Elle a utilisé les données venant d’une étude de 1979, la National Longitudinal Survey of Youth (NLSY), qui est un échantillon représentatif de jeunes hommes et femmes qui avaient entre 14 et 22 ans en 1979, tout comme les résultats des enquêtes de cette étude entre 1986 et 2010 des enfants nés des femmes de la cohorte de 1979. Les enfants étaient âgés de 4 à 14 ans sur la période étudiée.

La chercheuse a analysé trois échantillons : 8237 enfants, 7319 frères et sœurs et 1773 paires de frères et sœurs “discordants”, ou des enfants de 665 familles interrogées dans lesquelles au moins un enfant avait été allaité au sein et au moins un autre enfant buvait le biberon. Les enfants qui avaient été nourris différemment dans une même famille représentaient environ 25% des frères et sœurs dans les données.

Pour chaque échantillon, les chercheurs ont cherché les réponses à deux questions de base : est-ce qu’au moins un des enfants a été allaité au sein, et si oui, quelle a été la durée de cet allaitement ?

L’étude a mesuré 11 résultats qui se retrouvent souvent dans les autres études sur les effets de l’allaitement au sein : l’indice de masse corporelle (IMC), l’obésité, l’asthme, l’hyperactivité, l’attachement parental (les relations entre les parents et l’enfant) et le comportement de l’enfant, tout comme des éléments indiquant une réussite scolaire en vocabulaire, le niveau de lecture, les aptitudes en mathématiques, l’intelligence et la compétence scolaire.

Comme ils s’y attendaient, les analyses des échantillons des adultes et de leurs enfants dans les familles ont montré que l’allaitement avait de meilleurs résultats que pour les enfants nourris au biberon dans un certain nombre de mesures : IMC, hyperactivité, aptitudes mathématiques, mémoire des chiffres, lecture, vocabulaire, compétence scolaire et obésité.

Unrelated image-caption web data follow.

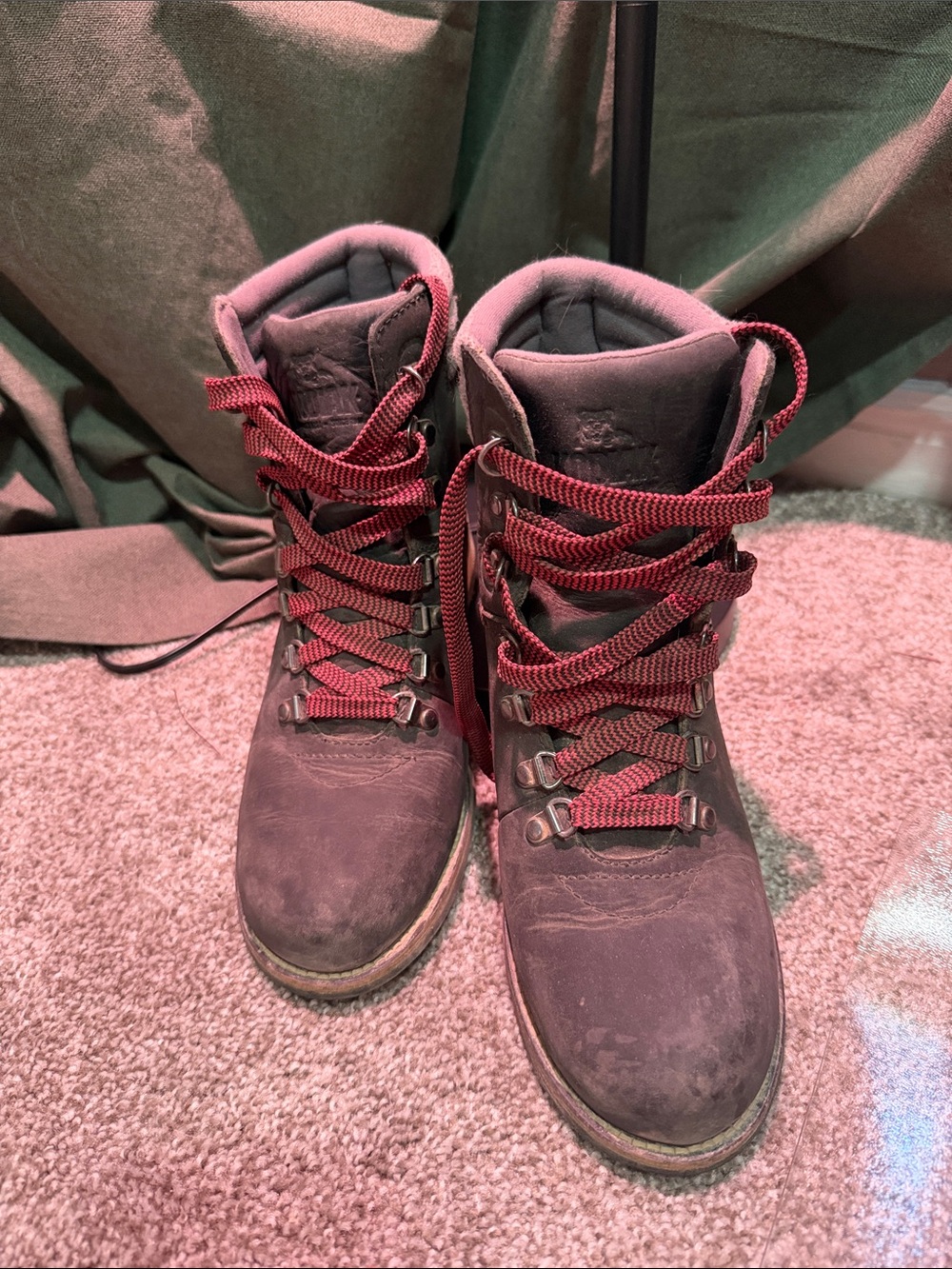 Kodiak winter hiking boots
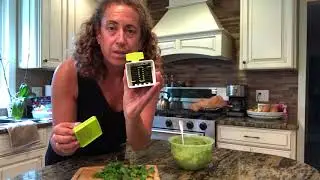 Pampered Chef Herb Mill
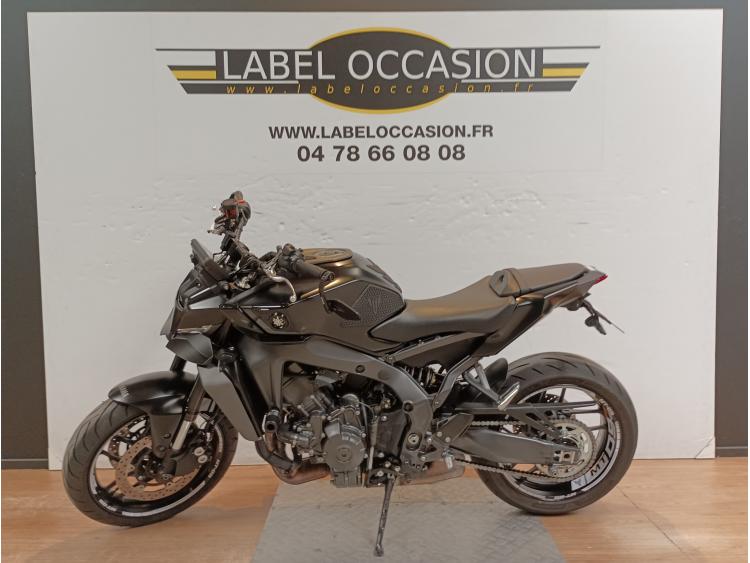 YAMAHA MT-09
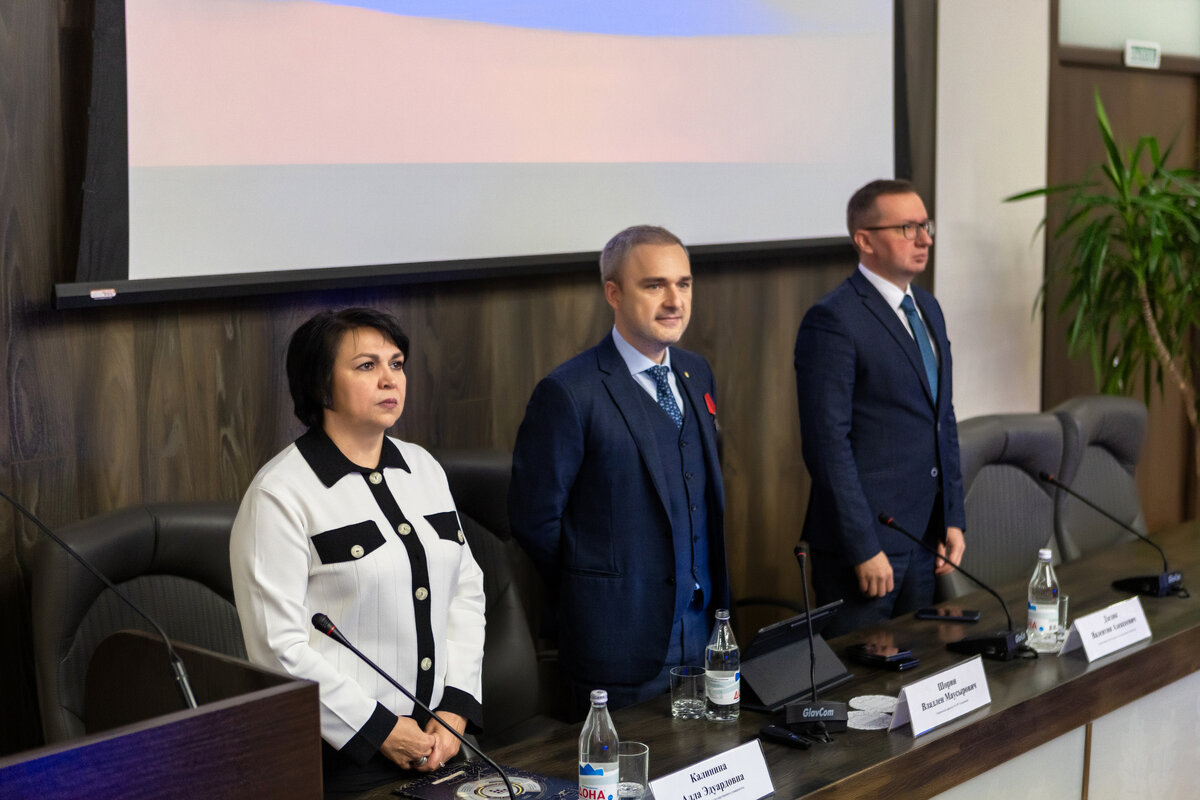 В рамках соглашения генеральный директор АО «РТ-Техприемка» Владлен Шорин посетил Волгоградский государственный университет с рабочим визитом.-7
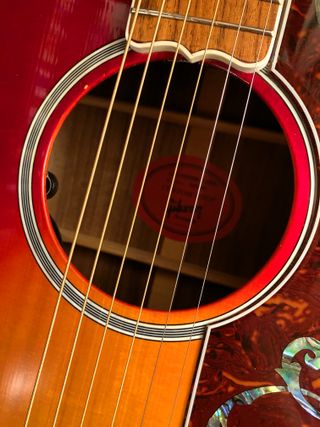 Guitarra acústica tipo SJ-200 STANDARD ROSEWOOD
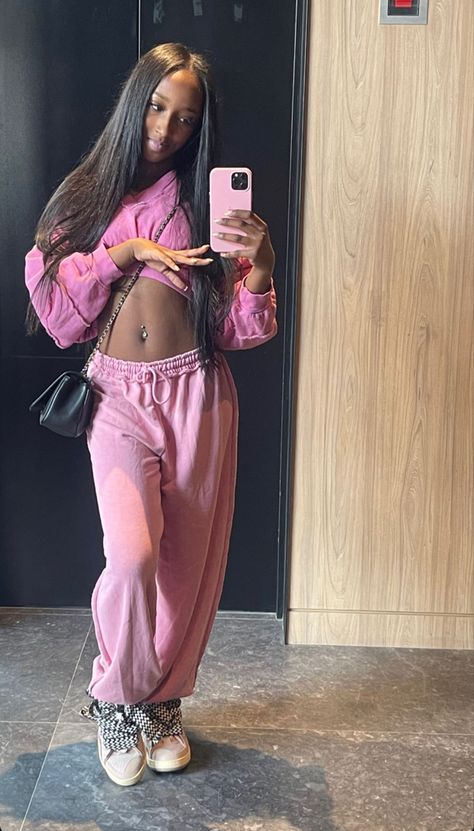 Pink Lanvin Outfit, Lanvin Outfit, Winter Birthday Outfit, Birthday Girl Outfit, Cute Comfy Outfits, Streetwear Fashion Women, Outfit Winter, Pink Outfits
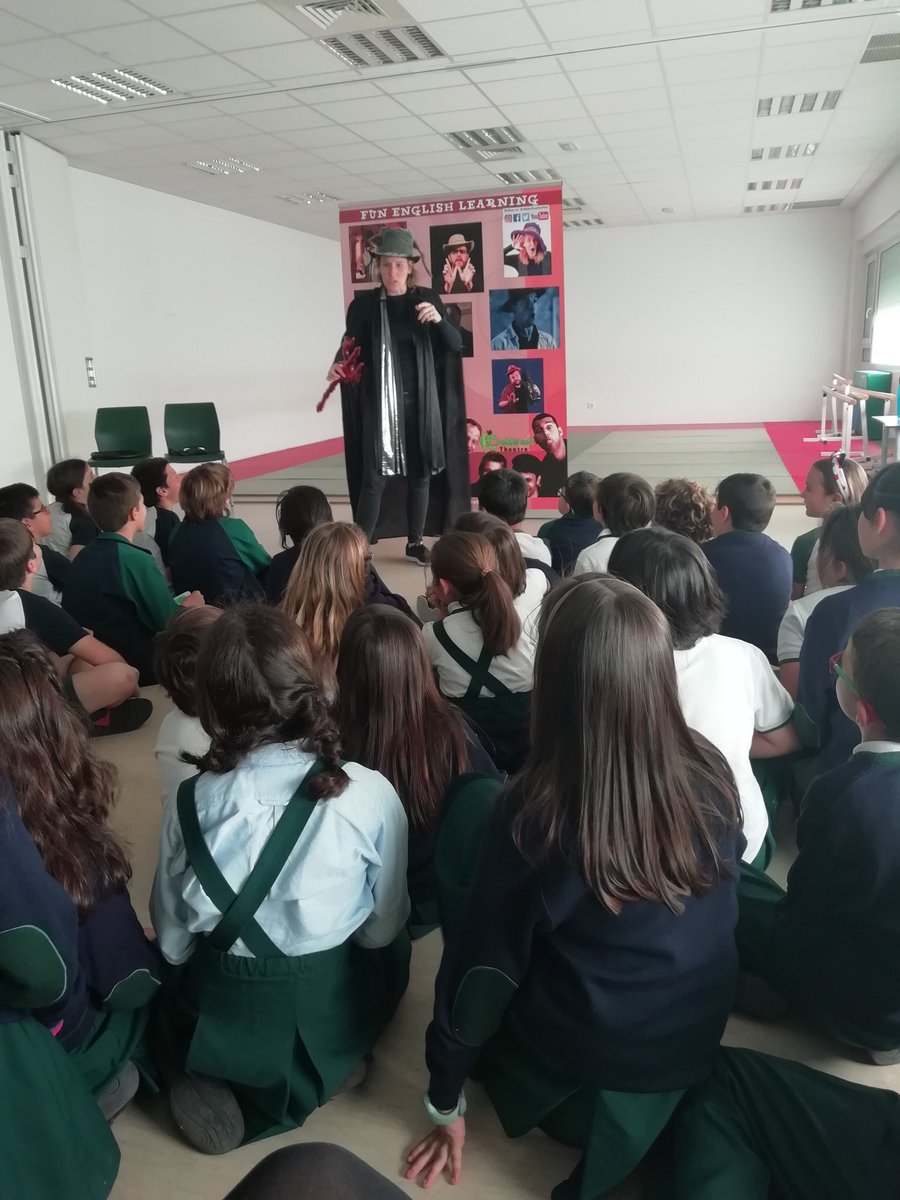 Having fun with Chameleon theatre in 4th grade!! <a href="/HBSTORREJON/">Humanitas Torrejón</a>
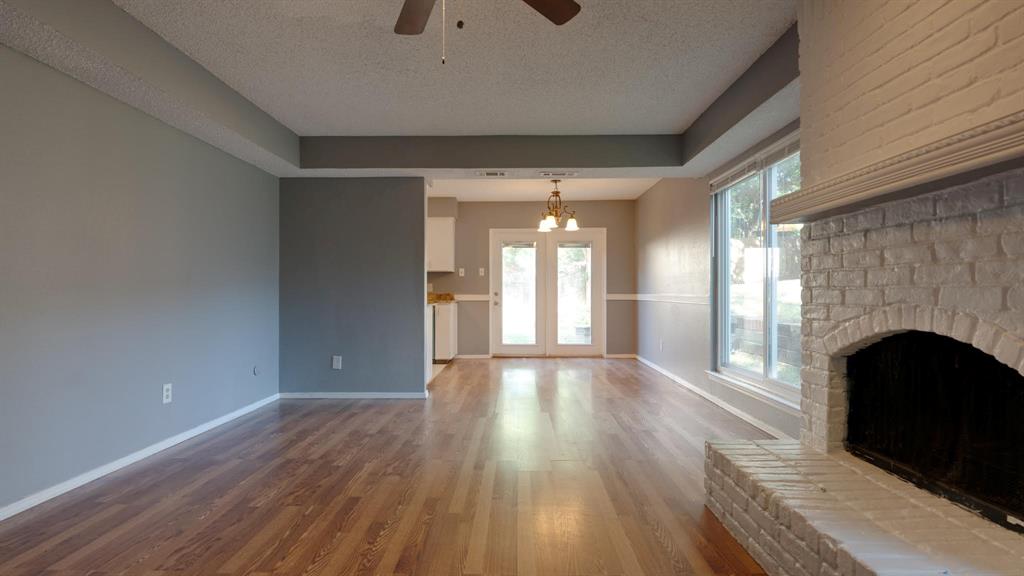 2010 W Sanford St, Arlington, TX 76012 photo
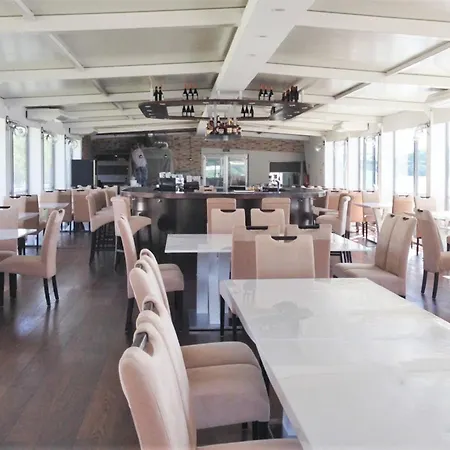 Gracia 3* Bratislava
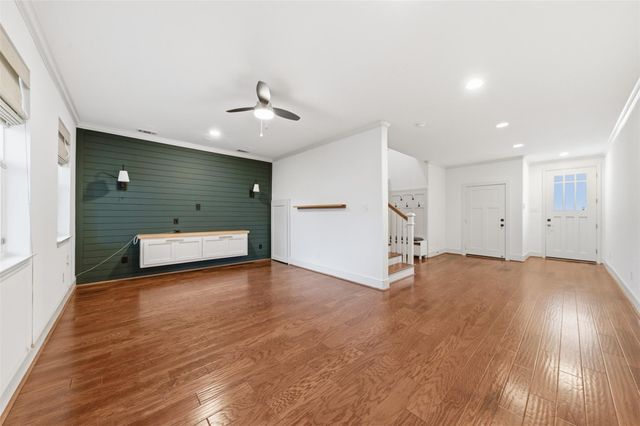 930 Dunbar Street, Houston, TX 77009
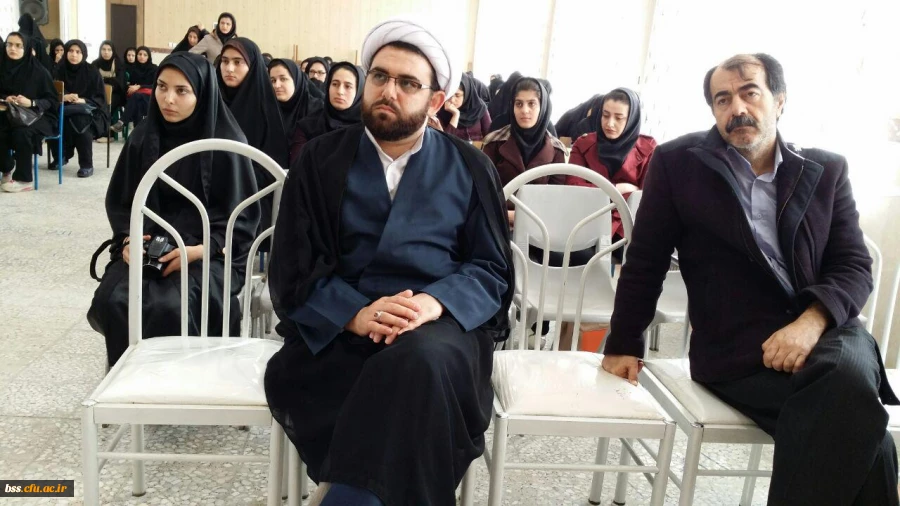 با حضور نمایندگان دفتر نهاد رهبری در پردیس بنت الهدی صدر برگزار شد .
تریبون آزاد با موضوع انتخابات در دانشگاه فرهنگیان کردستان 2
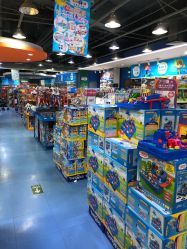 玩具反斗城 引領(lǐng)玩具銷售新紀(jì)元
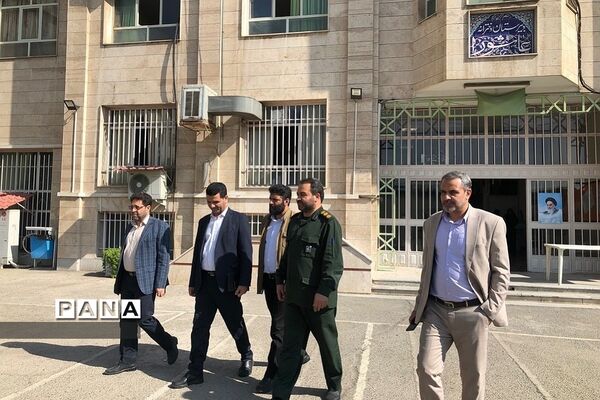 نواختن زنگ حمایت از مردم فلسطین در ناحیه دو شهرری
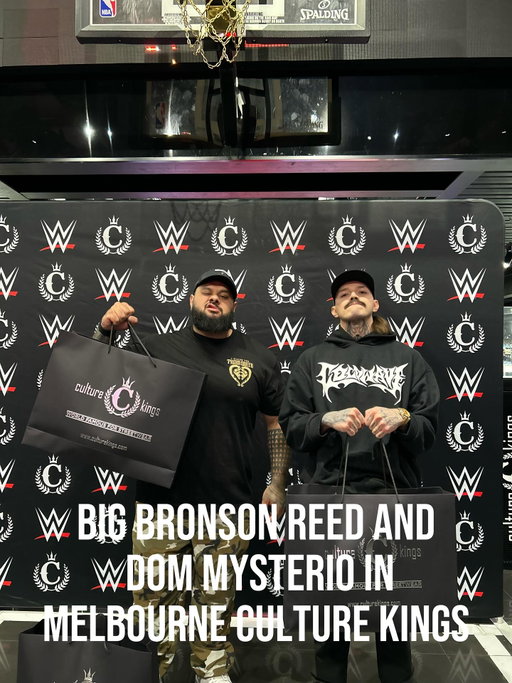 @bronsonishere and @dominik_35 in the building, how bout dat 🤝 

#wwe #culturekings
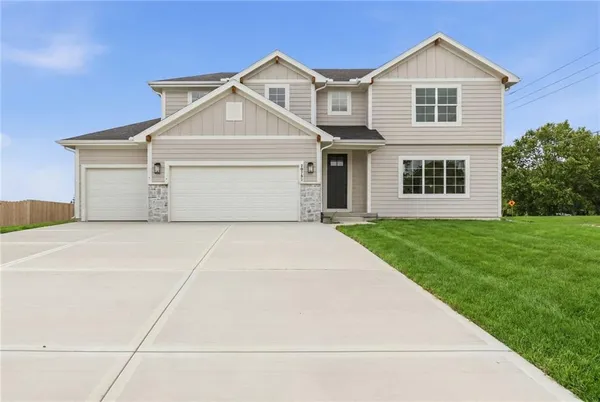 $515,000 | 20702 Emerald Street, Spring Hill, KS 66083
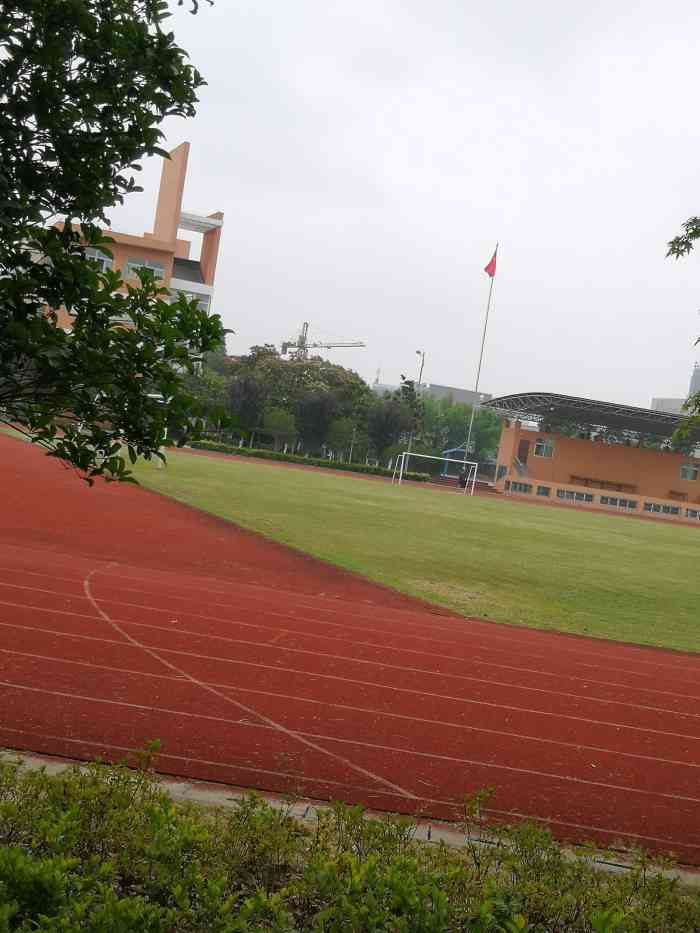 姜堰区罗塘高级中学图片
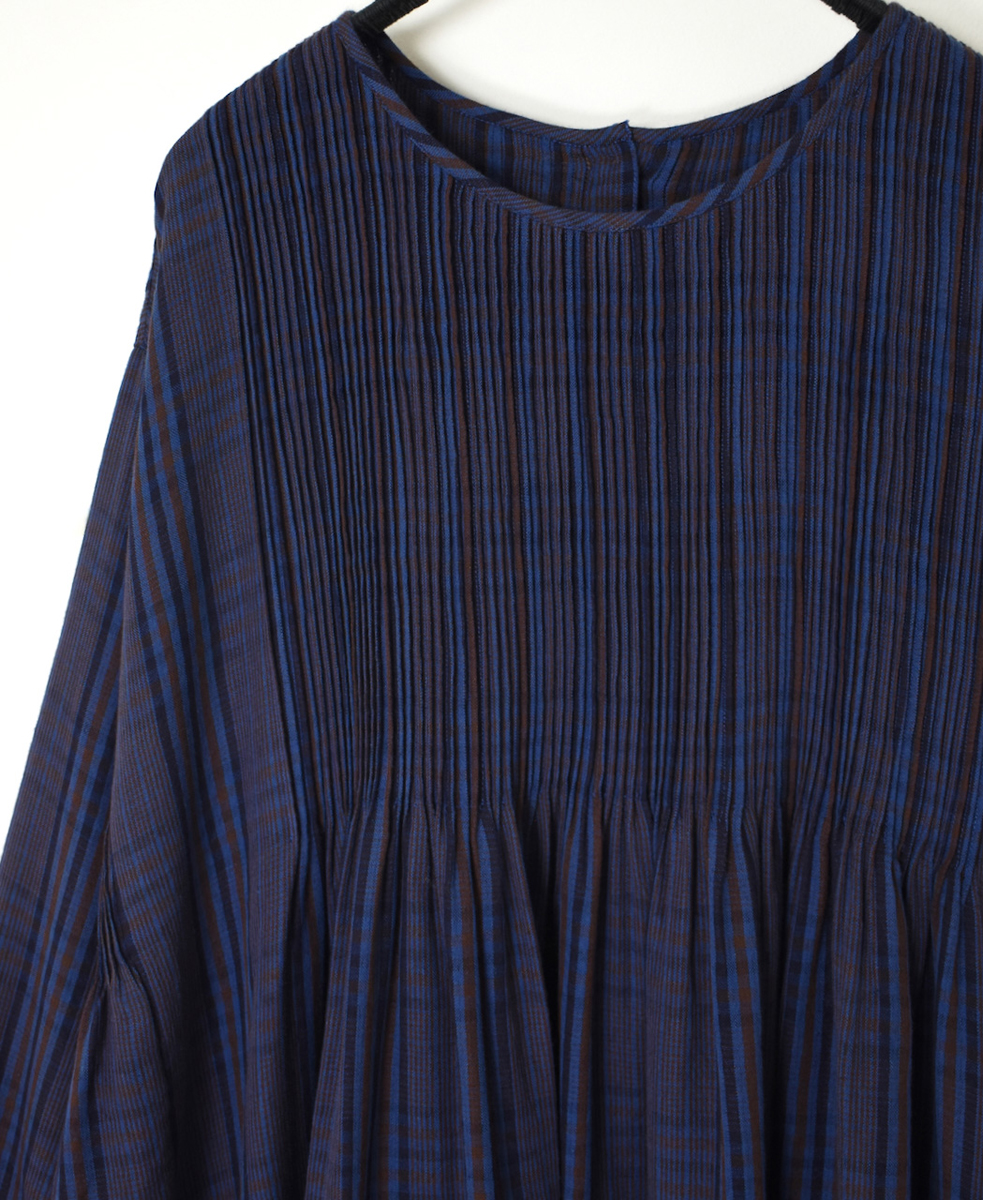 NMDS24582(ワンピース) WOOL COTTON CHECK CREW-NECK P/O SHIRT DRESS WITH MINI PINTUCK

Mais lorsque l’échantillon était limité aux frères et sœurs qui étaient nourris différemment à l’intérieur des mêmes familles, les scores qui faisaient ressortir des effets positifs sur 10 des 11 indicateurs de la santé des enfants et de leur bien-être étaient proches de zéro, et n’étaient statistiquement pas significatifs – ce qui veut dire que les différences pourraient être apparues seulement par hasard.

Le résultat qui sortait du lot dans cette étude était l’asthme ; dans tous les échantillons, les enfants qui avaient été allaités au sein avaient plus de risques d’avoir de l’asthme, ce qui peut être associé aux données produites par des comptes rendus plutôt que par des diagnostics réels.

Voici certains exemples de bénéfices qui changent : l’influence bénéfique de l’allaitement sur l’IMC qui avait été décelée dans les études passées est réduite de 66% entre les frères et sœurs au sein d’une même famille. La magnitude des effets bénéfiques de l’allaitement pour les mathématiques, la lecture, le vocabulaire et l’intelligence baissent respectivement de 69 et 29% quand ces aptitudes sont comparées entre frères et sœurs d’une même famille.

“Au lieu de comparer des enfants de différentes familles, nous avons comparé les membres d’une même famille en prenant totalement en compte toutes les caractéristiques – mesurées ou non – qui diffèrent d’une famille à une autre telles que l’éducation parentale, les revenus du foyer et l’ethnie” explique Colen.

Ces mêmes différences d’échantillon ont été trouvées dans l’analyse des effets de la durée de l’allaitement.

“Si l’allaitement n’a en fait pas l’impact que nous pensions qu’il a sur l’enfant sur le long terme, alors même s’il est important à court terme, nous devons vraiment nous concentrer sur d’autres choses” dit-il. “Nous devons analyser la qualité de l’école, du logement et le type de travail qu’ont les parents quand leurs enfants grandissent”.

“Nous devons être plus attentifs à ce qui se passe la première année de la vie et comprendre que l’allaitement pourrait être très difficile, voire même intenable, pour certaines femmes. Plutôt que de les culpabiliser, il vaudrait mieux être plus réaliste sur ce que l’allaitement apporte réellement, et n’apporte pas”.

Références :

[1] Cynthia Colen, David Ramey. Is Breast Truly Best ? Estimating the Effects of Breastfeeding on Long-term Child Health and Wellbeing in the United States Using Sibling Comparisons. Social Science & Medicine, 2014 ; DOI : 10.1016/j.socscimed.2014.01.027.